Some days it seems like you can’t go anywhere in Ontario without running into a light rail transit (“LRT”) project. Projects are either underway or imminent in Toronto, Hamilton, Ottawa and right here in Mississauga along Hurontario Drive. While these projects are intended to provide long-term benefits to residents of these cities, they can also create severe operational and financial difficulties for businesses located along the planned routes.

Fortunately for business owners, the Ontario Expropriations Act provides a variety of financial remedies for both land owners as well as tenants. Some remedies apply in situations where the entire property of a business is expropriated; other remedies apply if even only a small portion of the business’s property is expropriated, while still others may apply even if no land is taken at all. The Act also requires the government authority to compensate claimants for their “reasonable costs” incurred in quantifying their claims.

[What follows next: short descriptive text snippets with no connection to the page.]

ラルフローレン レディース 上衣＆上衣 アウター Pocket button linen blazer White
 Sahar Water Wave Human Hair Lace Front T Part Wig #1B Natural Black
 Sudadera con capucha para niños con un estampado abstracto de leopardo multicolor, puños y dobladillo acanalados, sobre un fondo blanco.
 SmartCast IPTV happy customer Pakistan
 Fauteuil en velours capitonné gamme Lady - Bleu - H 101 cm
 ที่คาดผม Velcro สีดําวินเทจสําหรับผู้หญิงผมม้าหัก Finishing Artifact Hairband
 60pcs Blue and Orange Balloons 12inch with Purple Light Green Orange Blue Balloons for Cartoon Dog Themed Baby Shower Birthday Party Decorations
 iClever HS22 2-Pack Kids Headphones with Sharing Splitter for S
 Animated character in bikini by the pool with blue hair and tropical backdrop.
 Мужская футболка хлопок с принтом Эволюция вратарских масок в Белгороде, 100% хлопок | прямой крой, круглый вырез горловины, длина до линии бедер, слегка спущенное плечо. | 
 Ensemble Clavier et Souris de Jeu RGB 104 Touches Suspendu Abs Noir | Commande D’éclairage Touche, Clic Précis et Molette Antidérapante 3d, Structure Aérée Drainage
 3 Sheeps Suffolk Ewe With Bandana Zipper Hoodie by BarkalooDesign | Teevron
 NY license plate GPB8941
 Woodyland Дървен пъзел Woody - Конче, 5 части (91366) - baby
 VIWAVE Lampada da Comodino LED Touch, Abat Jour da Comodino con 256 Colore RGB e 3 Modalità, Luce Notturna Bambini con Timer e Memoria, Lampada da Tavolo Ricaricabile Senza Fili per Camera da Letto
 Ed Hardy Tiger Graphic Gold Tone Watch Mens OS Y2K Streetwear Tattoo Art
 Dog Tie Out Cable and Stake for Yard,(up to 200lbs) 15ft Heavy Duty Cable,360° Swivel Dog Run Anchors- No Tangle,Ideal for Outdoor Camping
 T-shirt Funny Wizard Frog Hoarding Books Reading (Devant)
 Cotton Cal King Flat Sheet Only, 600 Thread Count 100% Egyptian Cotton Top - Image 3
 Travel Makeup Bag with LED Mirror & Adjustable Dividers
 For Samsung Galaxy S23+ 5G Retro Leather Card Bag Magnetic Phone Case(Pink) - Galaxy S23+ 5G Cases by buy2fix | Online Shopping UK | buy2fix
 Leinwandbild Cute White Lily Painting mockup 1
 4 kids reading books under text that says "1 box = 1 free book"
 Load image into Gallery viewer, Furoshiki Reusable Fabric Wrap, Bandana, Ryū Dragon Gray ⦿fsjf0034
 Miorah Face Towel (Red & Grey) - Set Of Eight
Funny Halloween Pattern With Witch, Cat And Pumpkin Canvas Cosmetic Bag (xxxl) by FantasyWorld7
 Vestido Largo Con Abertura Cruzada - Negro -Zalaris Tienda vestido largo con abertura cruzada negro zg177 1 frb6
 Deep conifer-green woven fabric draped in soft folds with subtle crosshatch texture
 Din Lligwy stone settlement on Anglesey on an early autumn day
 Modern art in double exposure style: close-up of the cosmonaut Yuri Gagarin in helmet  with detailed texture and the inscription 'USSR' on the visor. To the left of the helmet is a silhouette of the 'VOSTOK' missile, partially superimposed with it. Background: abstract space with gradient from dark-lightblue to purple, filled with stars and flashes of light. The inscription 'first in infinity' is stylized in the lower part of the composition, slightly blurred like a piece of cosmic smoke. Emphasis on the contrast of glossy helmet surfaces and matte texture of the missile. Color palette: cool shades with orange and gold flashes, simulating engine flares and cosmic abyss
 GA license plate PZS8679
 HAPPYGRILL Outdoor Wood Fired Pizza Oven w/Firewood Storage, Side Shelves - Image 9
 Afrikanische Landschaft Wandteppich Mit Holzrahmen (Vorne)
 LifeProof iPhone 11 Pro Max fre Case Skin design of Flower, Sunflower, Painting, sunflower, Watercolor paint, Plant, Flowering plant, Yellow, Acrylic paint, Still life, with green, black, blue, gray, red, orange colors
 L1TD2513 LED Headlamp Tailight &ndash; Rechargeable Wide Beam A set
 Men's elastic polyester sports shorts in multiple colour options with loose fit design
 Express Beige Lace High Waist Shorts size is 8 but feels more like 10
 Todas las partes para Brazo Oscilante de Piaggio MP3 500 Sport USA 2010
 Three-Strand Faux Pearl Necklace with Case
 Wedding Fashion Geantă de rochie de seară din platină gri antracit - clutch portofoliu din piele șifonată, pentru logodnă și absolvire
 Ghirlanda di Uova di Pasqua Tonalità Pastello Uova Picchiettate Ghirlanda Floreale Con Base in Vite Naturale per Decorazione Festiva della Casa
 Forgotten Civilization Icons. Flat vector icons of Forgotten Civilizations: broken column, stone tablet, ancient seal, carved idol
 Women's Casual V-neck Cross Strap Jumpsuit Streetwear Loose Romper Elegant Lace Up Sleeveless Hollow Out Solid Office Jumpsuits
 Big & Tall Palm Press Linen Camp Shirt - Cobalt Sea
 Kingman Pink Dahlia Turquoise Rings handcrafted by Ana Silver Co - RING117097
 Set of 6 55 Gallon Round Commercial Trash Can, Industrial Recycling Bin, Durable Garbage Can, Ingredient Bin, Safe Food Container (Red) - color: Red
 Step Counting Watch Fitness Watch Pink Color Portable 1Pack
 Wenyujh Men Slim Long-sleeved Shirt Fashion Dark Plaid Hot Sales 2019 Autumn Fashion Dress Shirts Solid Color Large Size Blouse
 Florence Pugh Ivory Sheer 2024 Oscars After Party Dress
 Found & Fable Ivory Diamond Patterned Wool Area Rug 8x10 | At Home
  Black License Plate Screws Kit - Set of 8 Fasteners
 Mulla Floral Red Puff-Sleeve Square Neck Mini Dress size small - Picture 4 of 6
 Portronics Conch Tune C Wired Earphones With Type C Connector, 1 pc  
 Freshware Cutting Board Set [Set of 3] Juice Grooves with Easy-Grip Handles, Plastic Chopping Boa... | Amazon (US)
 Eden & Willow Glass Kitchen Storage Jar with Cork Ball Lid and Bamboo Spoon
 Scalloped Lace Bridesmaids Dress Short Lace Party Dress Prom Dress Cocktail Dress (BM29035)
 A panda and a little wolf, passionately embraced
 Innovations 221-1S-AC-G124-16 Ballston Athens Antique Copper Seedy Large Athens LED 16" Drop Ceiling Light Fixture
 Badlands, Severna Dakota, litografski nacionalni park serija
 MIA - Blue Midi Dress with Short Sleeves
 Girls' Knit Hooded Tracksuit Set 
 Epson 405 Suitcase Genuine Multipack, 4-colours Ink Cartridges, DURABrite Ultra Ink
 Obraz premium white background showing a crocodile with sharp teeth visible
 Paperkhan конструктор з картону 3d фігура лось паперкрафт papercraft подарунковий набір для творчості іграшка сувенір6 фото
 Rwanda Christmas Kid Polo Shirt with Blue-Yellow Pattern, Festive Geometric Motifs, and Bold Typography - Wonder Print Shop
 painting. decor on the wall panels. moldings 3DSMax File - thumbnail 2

Our firm of business valuators and accountants has been involved in the quantification of financial remedies in numerous cases involving these types of situations. In the following article, we provide an overview of the types of losses businesses may experience, and a list of information that is helpful to gather to support a claim for business loss.

Types of Losses

In the event a business is completely expropriated, it will likely suffer a loss of intangible value or “goodwill”, as well as a loss of value related to certain of its physical assets that cannot be easily removed to a new location (e.g. leasehold improvements). It may also incur temporary lost profits or moving costs, depending on whether or not it is able to relocate to another location.
Even if a business is not completely expropriated, it may incur a variety of negative impacts associated with partial takings of land or adjacent construction work. These may include:

  • Decline in sales (e.g. due to temporary or permanent decrease in pedestrian or vehicle accessibility)
  • Loss of gross margin on actual sales (e.g. due to discounts offered to encourage customers)
  • Increased operating costs (e.g. additional advertising costs)

The types of losses incurred will vary depending on the type of business. For example, a retail business that is more dependent on walk-in customers may be more impacted than a dental clinic that has long-time patients. Similarly, some businesses may start to feel the effects of the impending construction before it even begins; for example, landlords who are seeking tenants to commit to a five- or ten-year lease may be forced to offer lower rates in the years prior to the start of construction in order to entice tenants who know that they will eventually be dealing with the disruption of construction.

Information to Gather

In our experience, the more detailed the information base available, the more compelling the calculation of the business’s financial losses. The following is a non-exhaustive list of information we typically request:

  • Annual financial statements
  • Monthly revenue summaries
  • Annual payroll records
  • General ledger details for any unusual revenue or expense items
  • Copies of key contracts (e.g. lease agreements, sales agreements)
  • Chronologies of all construction work performed adjacent to the affected property, including details of lane closures, road closures etc., along with related videos or photographs

Conclusion

Public works projects can create significant pain for business owners. The Expropriations Act contains provisions to help alleviate that pain.